The new proposal starts with a league structure, which would be untouched this time. The other issue that hurt in 2010 - geography, with teams having to travel long distances to play opponents - also will be addressed. Other features of the previous proposal, such as six state championships all played at Gillette, remain the same.

If the proposal is passed, it would, as Burke said, “get more kids involved, and just improve high school football.’’

The Merrimack Valley Conference has proposed another way to improve football: Stop having playoff games at Reading, which has hosted a semifinal playoff game the last four years, three against MVC opponents.
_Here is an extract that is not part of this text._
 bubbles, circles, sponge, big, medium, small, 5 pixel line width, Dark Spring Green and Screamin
The MVC has previously requested other sites be considered, but nothing has changed.

The football committee dodged a second issue with the MVC when the conference changed the way it picks its divisional winners. MVC champions will be based on records solely in their division. If there’s a three-way tie, interdivision games count toward breaking the tie.
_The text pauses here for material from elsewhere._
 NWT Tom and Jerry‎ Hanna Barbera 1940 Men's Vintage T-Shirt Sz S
The potential changes to eight of the leagues south of Boston already have athletic directors frustrated.

Assuming the principals approve the move in April, Quincy and North Quincy will switch in the Patriot League this fall with Quincy moving to the Keenan (Division 2) and North Quincy to the Fisher (Division 3).

Hanover, a member of the Patriot Fisher, is applying for membership to the South Shore League. The Indians, a charter member of the South Shore League, were last in the SSL in 2000, when the Hanover football team went 5-5 in the then-Division 4 league. In 2001, Hanover moved to the combined Patriot League until the league split in two following the 2007 season and Hanover moved to the Patriot Fisher.

Plymouth North and Plymouth South are currently members of the Atlantic Coast League and each is applying to join the Patriot League, as is Marshfield. If Hanover moves to the SSL, and the Plymouths are added to the Patriot along with Marshfield, this would give the Patriot League 12 teams, split between the Fisher and Keenan.

“It’s more natural rivalries for the Plymouth schools,’’ said Plymouth South athletic director and football coach Scott Fry, a 1986 graduate of Plymouth-Carver. “It seemed like a good fit philosophically as well.’’

Marshfield athletic director Lou Silva thinks the move would make sense for the Rams, competitively and financially.

“We want to renew all our old rivalries, as well as for travel costs,’’ said Silva. “We’d go back to playing the teams that we always used to play.’’

Nowhere is the frustration with leagues greater than in the four-member Old Colony League, which had eight schools as recently as 2003. Taunton is leaving to join the Hockomock this fall, leaving Bridgewater-Raynham, Barnstable, and Dartmouth.

B-R explored the idea of joining the Big Three, but there’s no incentive for the Big Three to add just one school.

It gets worse for B-R and the other OCL schools. The MIAA has reluctantly OK’d the existence of the Big Three and probably would have to do the same with a three-school OCL. But the MIAA already has made it clear in a letter to each OCL school that it would frown on a two-team OCL and suggested that any school leaving the OCL would have to make sure the other two have a new league as well.

One obvious solution, merging the ACL and OCL, fell apart last year.

“It’s a mess, that’s all I know,’’ said B-R athletic director Dan Buron, who said he’s also pursuing getting B-R into the Patriot. “I would love to be in a big league, it would be great. I’m frustrated because the OCL eight, nine years ago was a great league and now it’s down to three schools. It doesn’t make sense to me.’’

Barnstable athletic director Steve Francis is also frustrated.

“We’re going to have to suffer through a three-team league next year,’’ said Francis, who is forced by the OCL’s size to schedule games against 90 schools in seven leagues this year. “Seeing Taunton leave is the last injury.’’

And with the frustration spreading, Francis said schools need help.

“I wish the state association took a more active role in this,’’ he said.

Although it’s not the football committee’s job to fix what ails the south, how it plays out could delay and complicate realignment.